[[ DATA FOR ANALYSIS open ]]

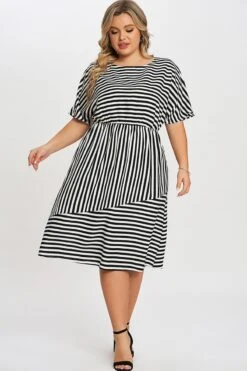 Striped Elasticized Waistband Slit Pocket Shirtdress 11 Striped Elasticized Waistband Slit Pocket Shirtdress -Luna Marina Store c sd003001 4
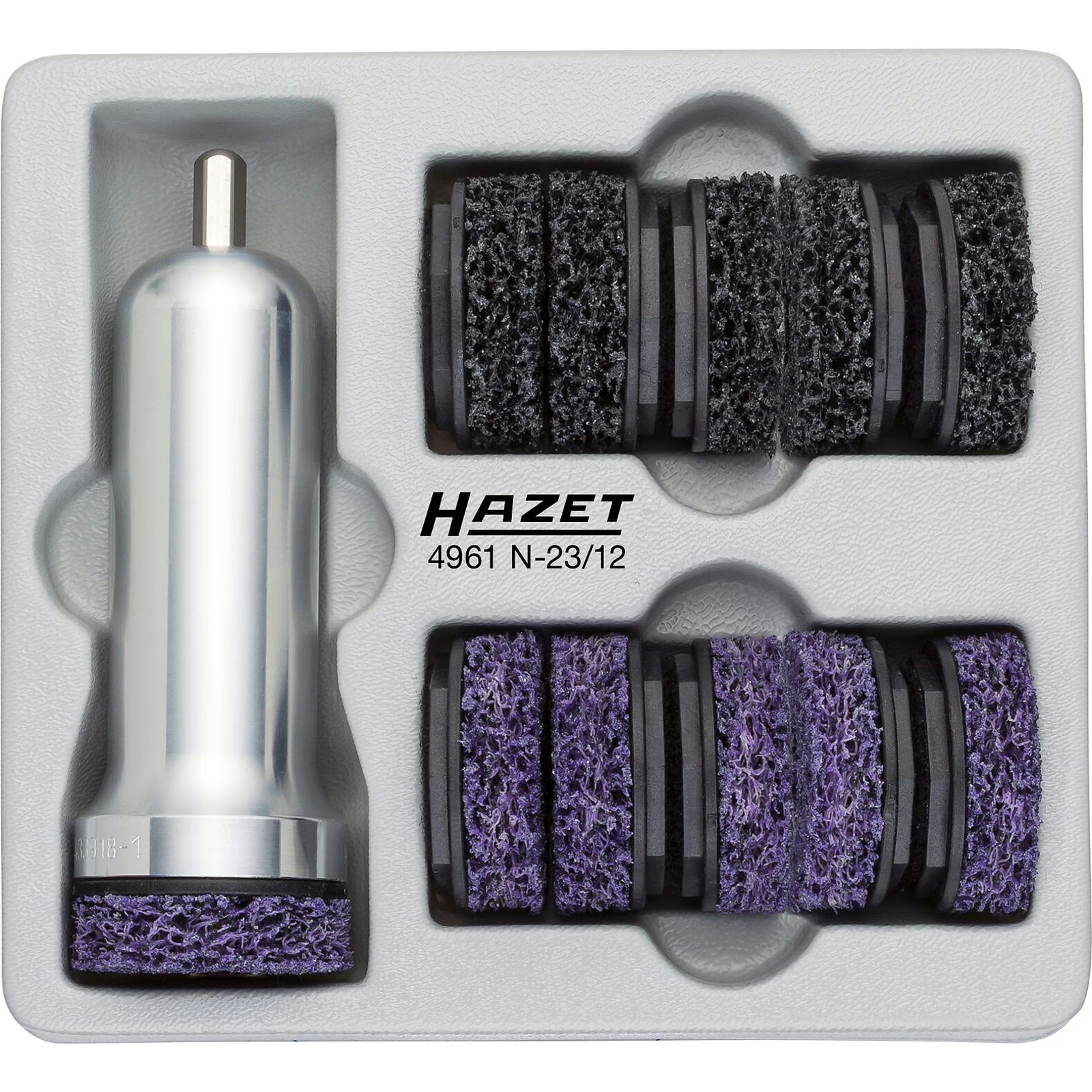 Jeu de ponceuses moyeux roues 12 pièces aluminium 56 mm 8 pans HAZET - 4961N-23/12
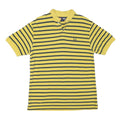 CHAPS Mens Yellow & Navy Striped Short Sleeve Polo Shirt M Classic Cotton Blend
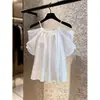 Blusa Feminina Tamanho Plus com Cordão, Alça de Ombro Caída, Manga Curta, Estilo Novo de Verão, Caimento Solto, Emagrecedora, Fashion, Versátil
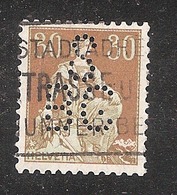 Perfin/perforé/lochung Switzerland No 100  1908-1933 - Hélvetie Assise Avec épée S BG Schweizerische Bankgesellschaft - Gezähnt (perforiert)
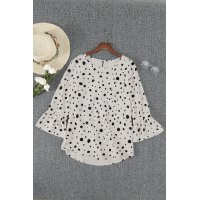 Apricot Dotted Print Bell Sleeve Top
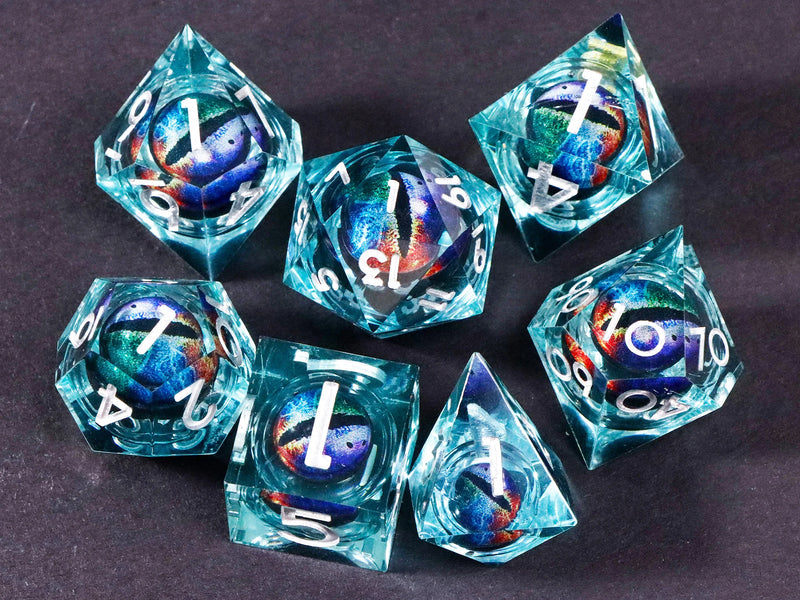 Dragon's eye resin dice,7PCS  Liquid Core Dice Set, Sharp Egde polyhedral d and d dice-11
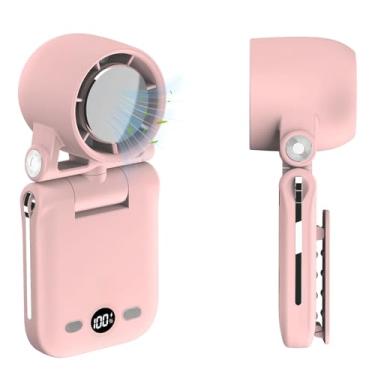 Imagem de SAYTAY Ventilador portátil portátil, ultra alto RPM Clip-on Turbo Ventoinhas pessoais recarregáveis com visor LED 100 velocidades, ângulo ajustável do vento, mini ventiladores multifuncionais para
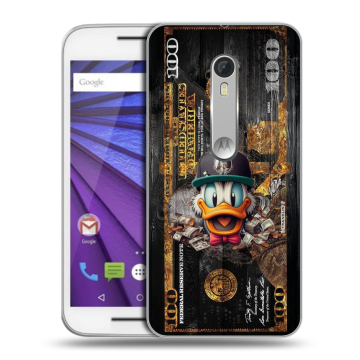 Пластиковый чехол на Lenovo Moto G с принтом Дональд Дак Доллар
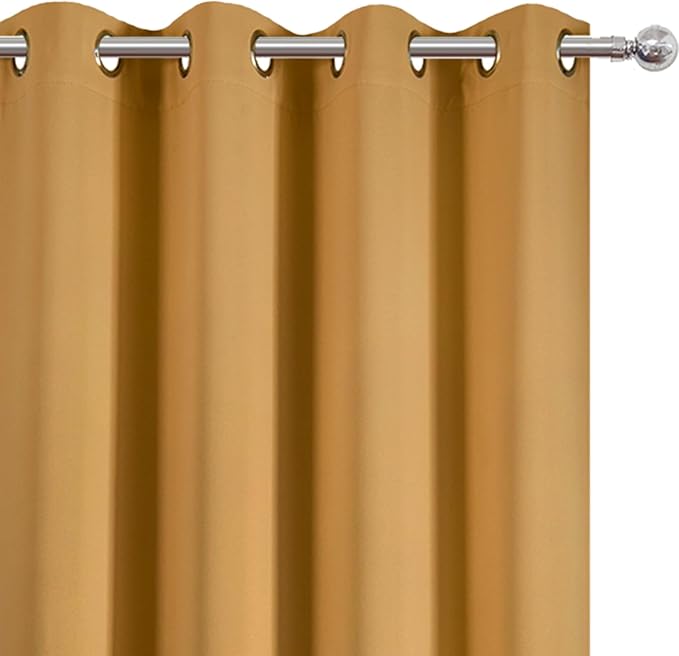 LEMOMO Mustard Yellow Blackout Curtains 52 x 63 Inch Length/Set of 2 Curtain Panels/Thermal Insulated Room Darkening Curtains for Bedroom and Living Room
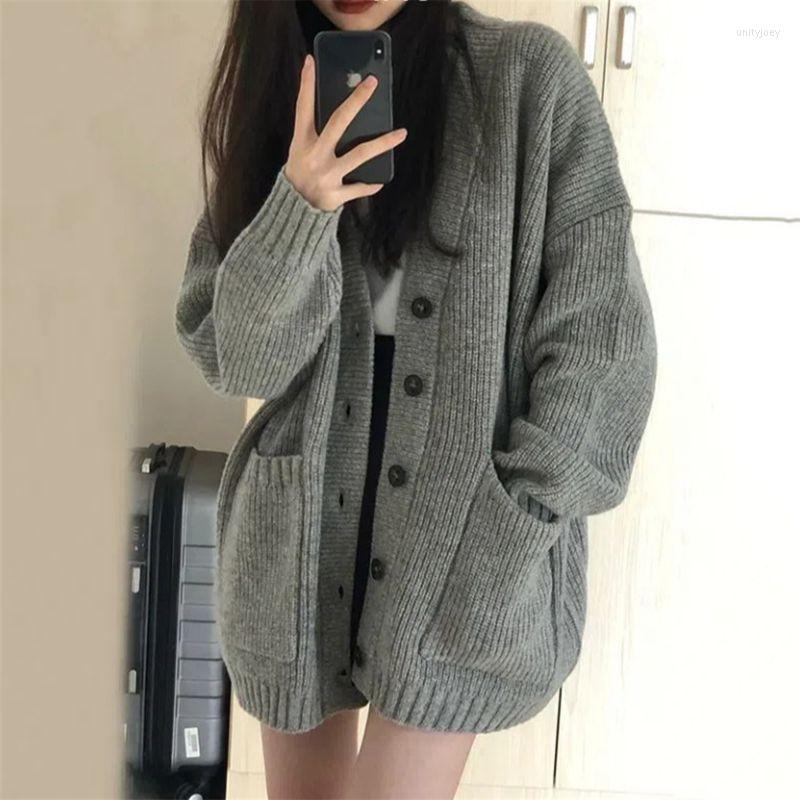 

Women's Knits Gray Knitted Cardigan Oversized Women Autumn Winter Sweater Vintage Single Breasted Korean Outwear Thick Pockets Preppy O383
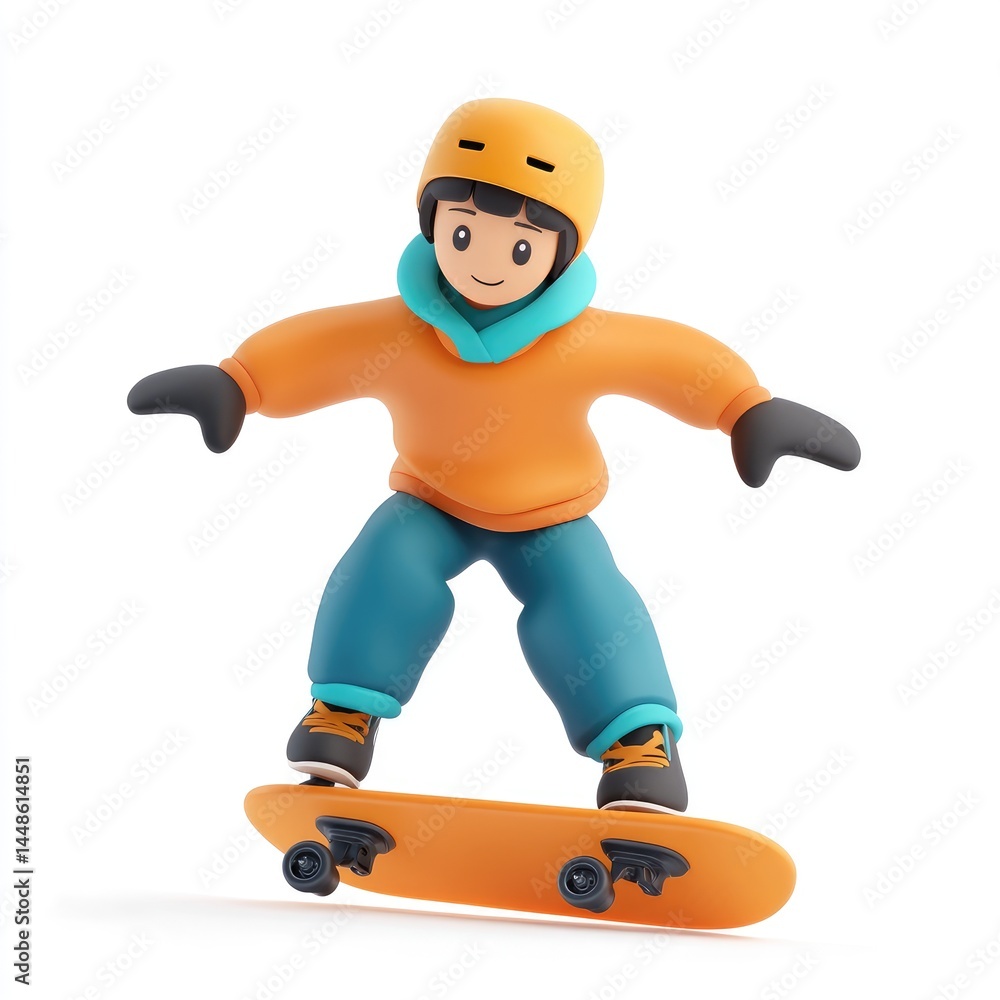 3D rendered illustration of a child skateboarding. 3D rendered illustration of a child skateboarding.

[[ DATA FOR ANALYSIS closed ]]

- **WHAT IS REQUIRED**
Every line from the one with "Apricot Dotted Print Bell Sleeve Top" through the last line of the data must be copied exactly. Leave the pictures out.

- **YOUR SOLUTION**
 Apricot Dotted Print Bell Sleeve Top
 Dragon's eye resin dice,7PCS  Liquid Core Dice Set, Sharp Egde polyhedral d and d dice-11
 Imagem de SAYTAY Ventilador portátil portátil, ultra alto RPM Clip-on Turbo Ventoinhas pessoais recarregáveis com visor LED 100 velocidades, ângulo ajustável do vento, mini ventiladores multifuncionais para
 Пластиковый чехол на Lenovo Moto G с принтом Дональд Дак Доллар
 LEMOMO Mustard Yellow Blackout Curtains 52 x 63 Inch Length/Set of 2 Curtain Panels/Thermal Insulated Room Darkening Curtains for Bedroom and Living Room

Women's Knits Gray Knitted Cardigan Oversized Women Autumn Winter Sweater Vintage Single Breasted Korean Outwear Thick Pockets Preppy O383
 3D rendered illustration of a child skateboarding. 3D rendered illustration of a child skateboarding.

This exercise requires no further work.